Referee Report
The authors discuss a variety of serialization formats (JSON, msgpack, JSONb), but this section would be strengthened by several additional points:
- All of the formats above describe data at rest/transit (serialized) and not the description of the data in the various programs (dictionaries in Python, maps or ptrees in C++, etc). It is important to separate these ideas as JSON isn't a formal part of any language beyond JS and the ideas should describe when this data is in use as well.

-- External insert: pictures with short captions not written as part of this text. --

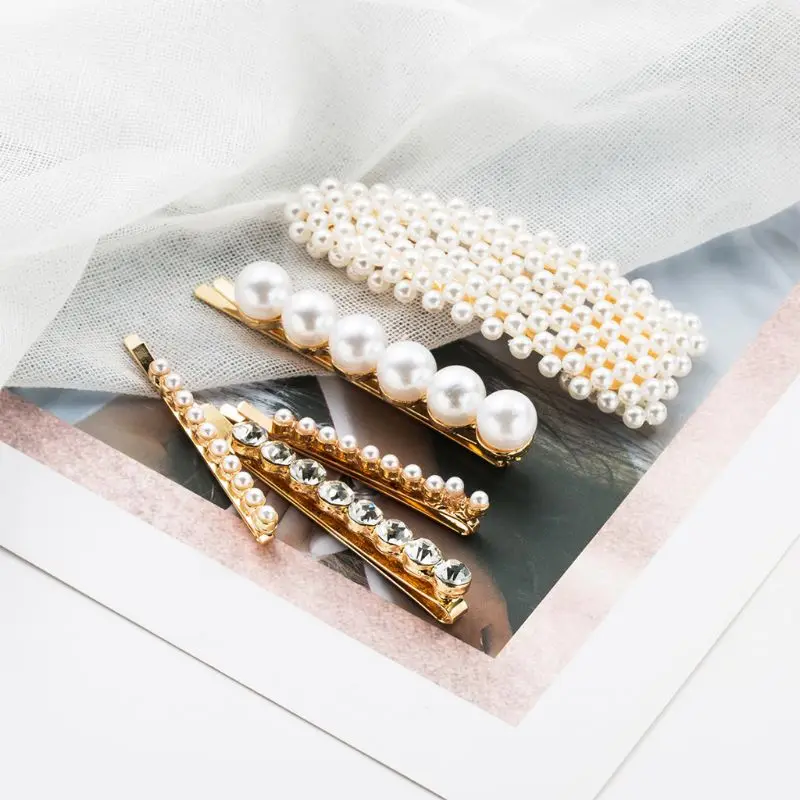 

5 Pcs/set Imitation Pearl Sweet Girls Women Hairpin Jewelry Gifts Charm Lady Barrettes BB Hair Clips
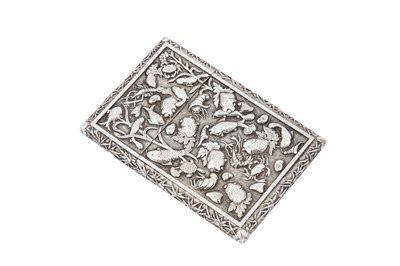 Lot 241 - A late 19th century Chinese Export silver card case, Shanghai circa 1900 retailed by Leeching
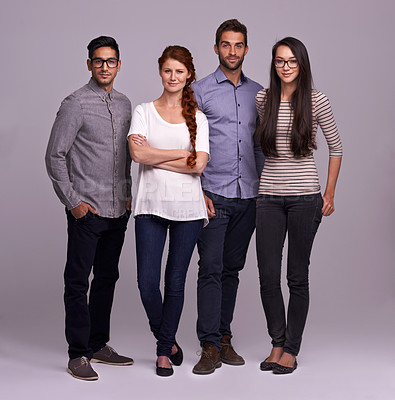 Buy stock photo Teamwork, people and happy in a studio portrait for creative collaboration, confidence and together. Women and men or designer with arms crossed for startup career or opportunity on a gray background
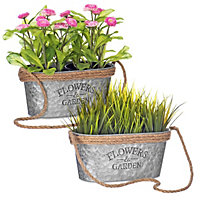 LIVIVO Zinc Plant Pot with Cotton Rope Handles - 'Flowers & Garden' Design for Outdoor or Indoor, Flower Herb & Pot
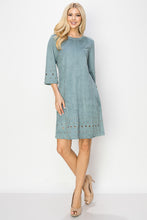 Load image into Gallery viewer, Aileene Stretch Suede Dress with Grommets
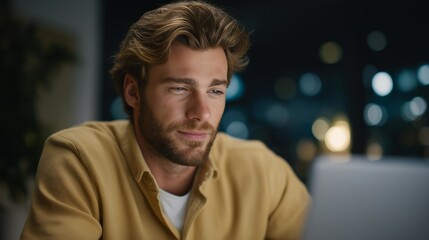 Obraz premium Engaging home office where a motivated entrepreneur works alongside a responsive ai assistant, showcasing enhanced workflow and creativity with innovative tech. Bright, energizing light, minimalist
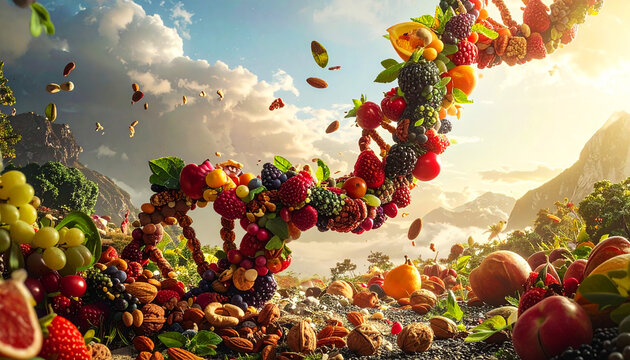 Artistic DNA helix made from fresh fruits, nuts, and seeds symbolizing nutrition, genetics, and natural wellness. A creative concept linking healthy food to human biology and longevity science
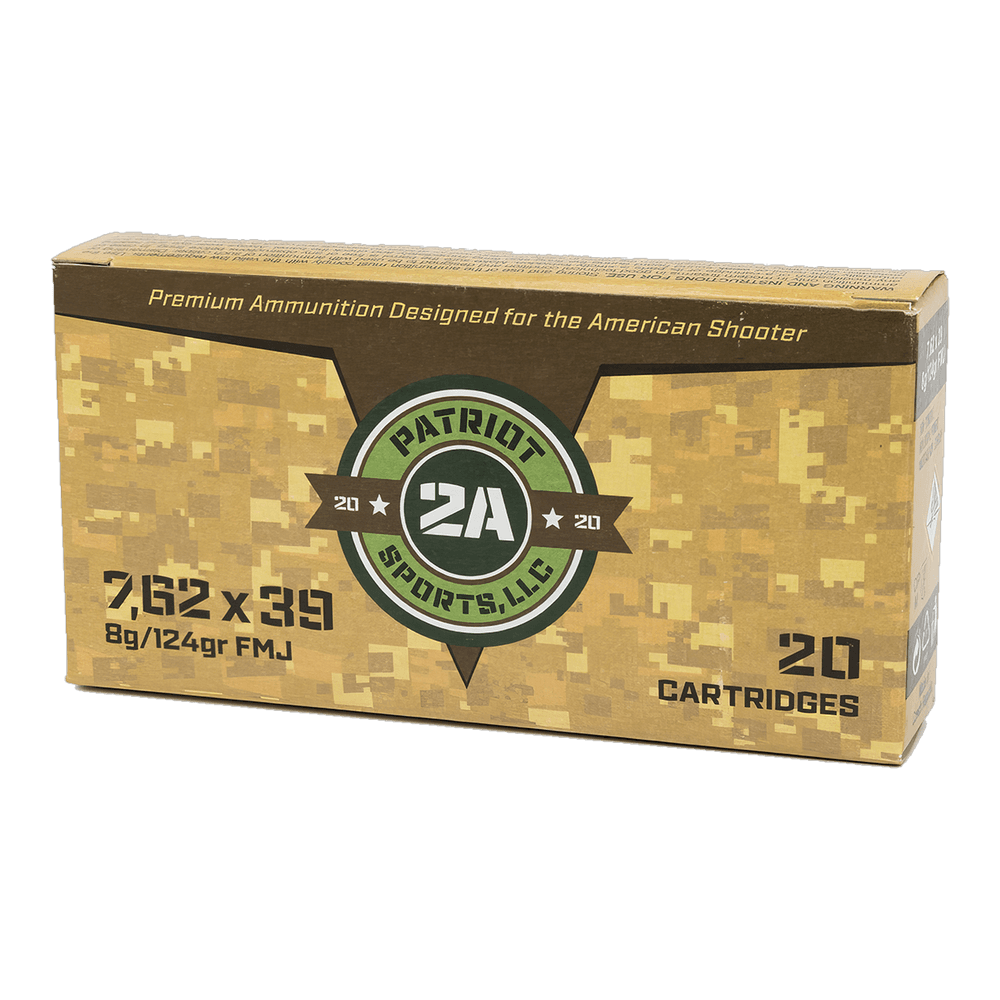 A tan digital-camo 20-cartridge box of Patriot Sports 7.62x39 8g/124gr FMJ, with the green and brown Patriot 2A Sports, LLC badge on the front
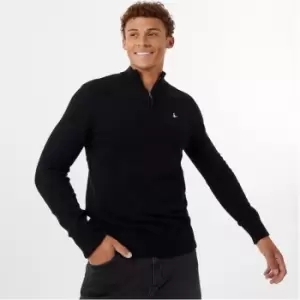 image of Jack Wills Funnel Neck Half Zip Jumper - Black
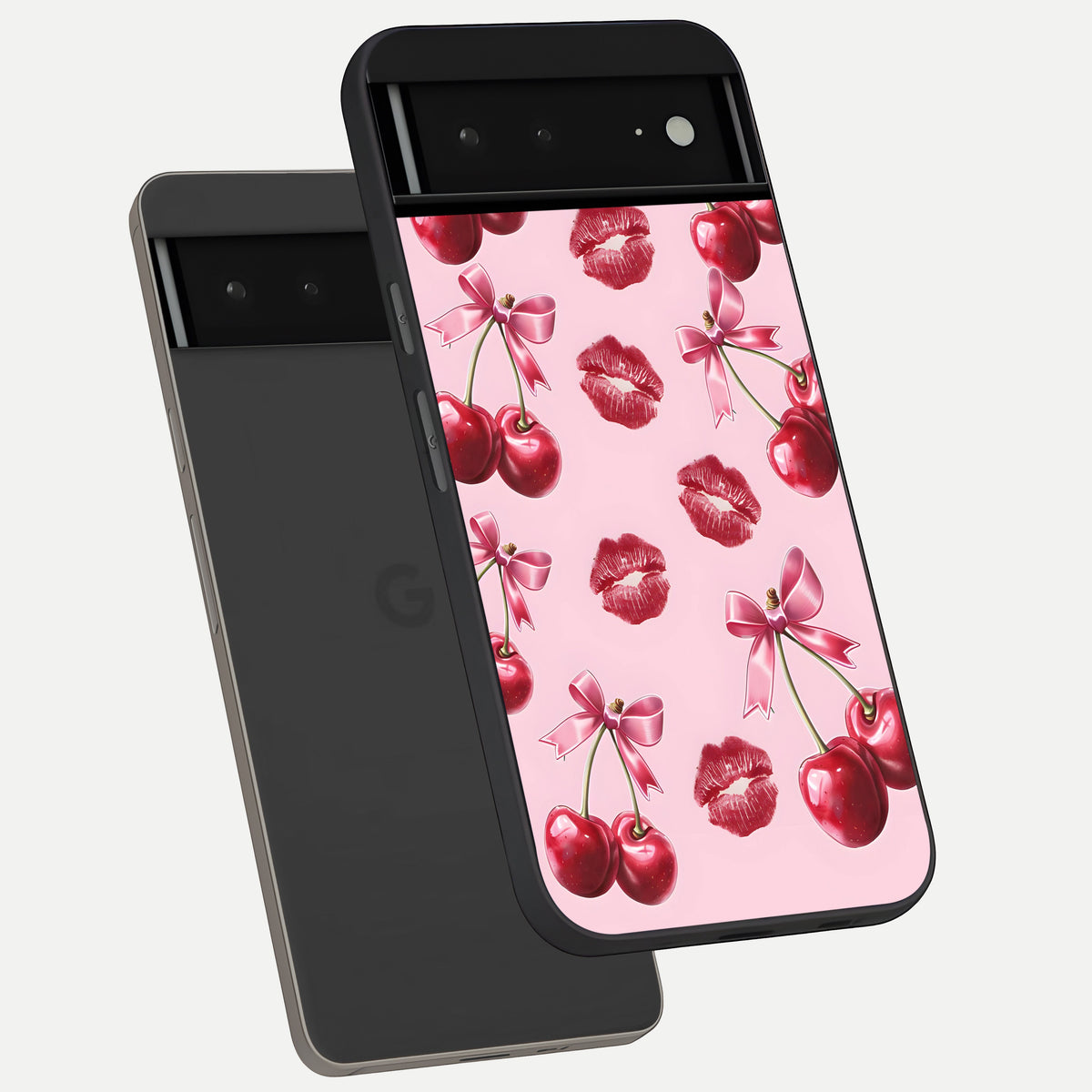  Cherry With Lips phone case For Google Pixel 6A showing premium glass back cover with detailed artwork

- The positives and negatives of the serialization formats were not discussed, why was JSON chosen as the format of choice? For example, Arrays are common in quantum chemistry, but are known to be slow, lossy, and larger through JSON compared to binary formats.
General comments:
- It may be worth highlighting programs like CCLib, RDKit, ASE, and more when it comes to translating in addition to Open Babel.
- According to the QCSchema documentation (https://molssi-qc-schema.readthedocs.io/en/latest/auto_topology.html), there is a definition for connectivity available.
- QCSchema basis sets appear to have also been released which supports the new Basis Set Exchange format (https://github.com/MolSSI/QCSchema/pull/62).
- It would be good to cite Jupyter, Jupyter Lab, Pub Chem, and ChemSpider as they are used in the paper.
- Many of the audience are unlikely to be aware of REST interfaces or what they empower, it would be good to describe this in more detail.
- The reasons of selecting Girder could be indicative of common Python web frameworks such as Django, Flask, FastAPI, and more. Are there specific capabilities Girder supplies over these general frameworks?
- In the Molecule(Resource) demonstration, the MoleculeModel is never explained. It appears to be an ORM, but I believe is unclear to readers. The second example also has lines for pagination and index setting which are not explained.
- Containers are not typically available on the majority of supercomputing platforms so the exclusive choice of this seems limiting. Perhaps the authors could comment on this choice and availability of this platform without containers.
- Binder and QCArchive should be cited, TorchANI's GitHub should be cited in leui of a paper. (It appears ANI is in the references, but not in the paper)